ふう……。こんな真似ができるのは一人しかいないね。
「はい皆さん、注目してくださーい!」
ミロク君から催促されるまま、ざわめくプレイヤーたちの注意を引く。そして、
(どうか平穏無事に終わりますように!)
と願いながら、極大爆弾を投下するための引き金を引いたのだった。
「実はこのサウノーリカ大洞掘にはお米があります」
「なんだとおっ!?」
ミソやショウユと違い、未発見の情報に皆の声が一回り大きくなる。
「というか、魔族さんたちが作っています」
「そ、それは俺たちがリアルで普段食べている種類の米なのか?」
「その通り。証拠がこれです」
アイテムボックスからお茶碗――魔族の村の特産品の一つらしい――によそわれたホカホカのご飯を取り出す。じっと視線が集中するのが分かる。
……あ、これまずいかも。
「うおおおおおおおお!!!!」
「まじでえええええええ!!!!」
「やったああああああ!!!!」
「うれしいいいいい!!!!」
そう思った次の瞬間、歓声が爆発した。あうう、大音量にくらくらする……。
「一人一杯ずつですけど準備してありますから取りに来てください。それと種もみも少量だけど預かっていますよ」
お米の存在――これは運営さんから公式に発表されていたので、知っている人は多い――とその在り処、さらには少量ながらも現物の支給。これこそがプレイヤーたちを味方に引き込むための秘策だった。

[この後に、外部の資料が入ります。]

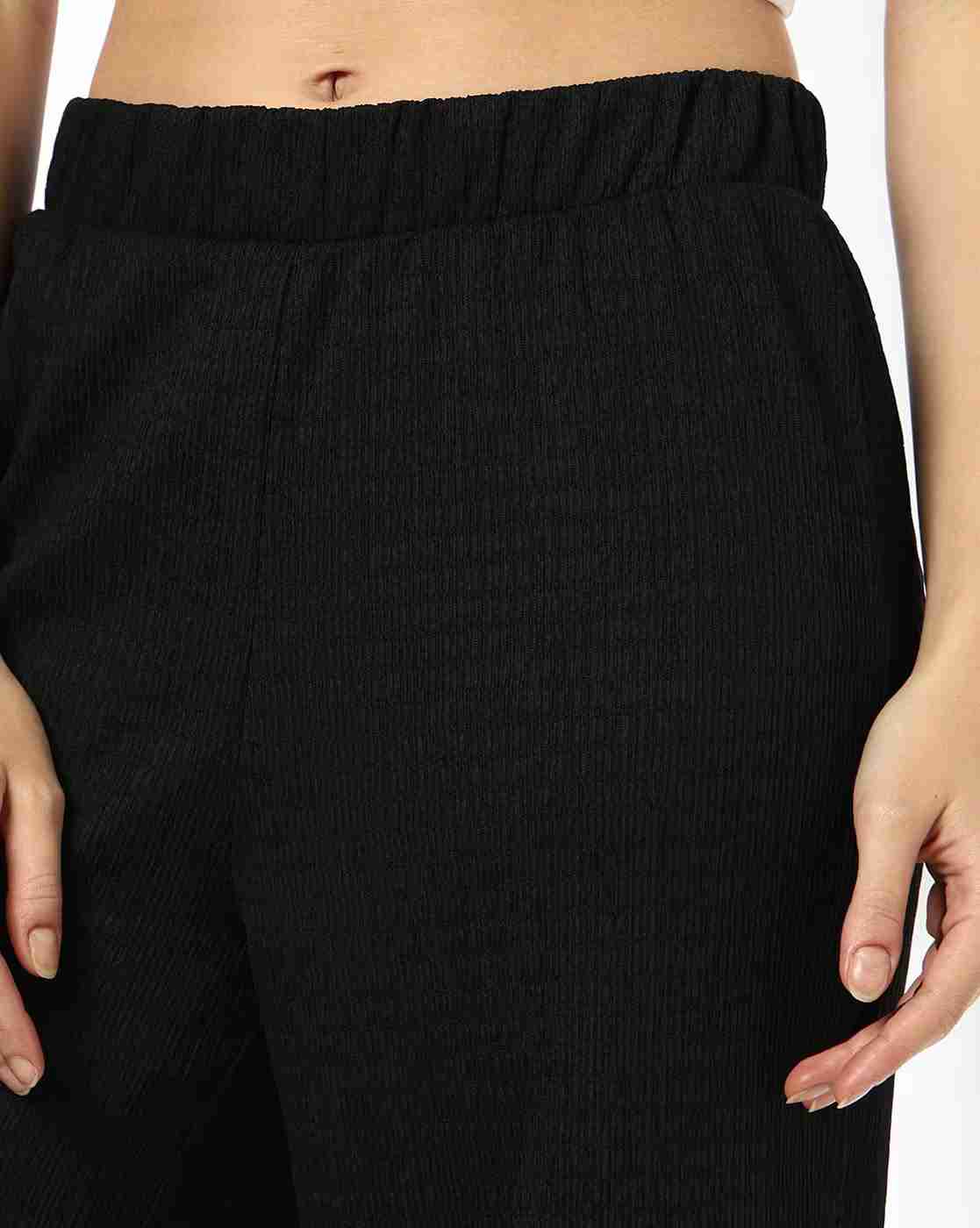 FIG | Women Wide-Leg Pants with Elasticated Waist|3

その後、部屋にいたプレイヤー全員にご飯を配り、美味しく頂きました。
その時、複数のプレイヤーさんたちがこっそりと塩辛などを添えていた――お酒を飲むときのつまみにしようと持っていたそうだ――ことが発覚し、周りにいる人たちに強奪されるという事件が起きていたが、まあ些細なことだろう。
取られた本人は涙目になっていたけど。
そんなこんなで美味しいご飯を食べてほっこりと一息。
「魔族に魔王と公にされていないことばかりよ。リュカリュカちゃんは一体どうしてそのことを知ったの?そもそもどうやってサウノーリカ大洞掘に来たの?」
そして落ち着いてくると、やはりというか色々と疑問が浮かんできた様子。
まあ、それなりに波乱万丈な道程だったから、気になってしまうよね。
「それじゃあちょっと長くなるけど、ボクがサウノーリカにやってきた経緯をお話しします」
と前置きして、あらかじめミロク君たちと決めておいたボクの冒険記録なるものをお話しすることにした。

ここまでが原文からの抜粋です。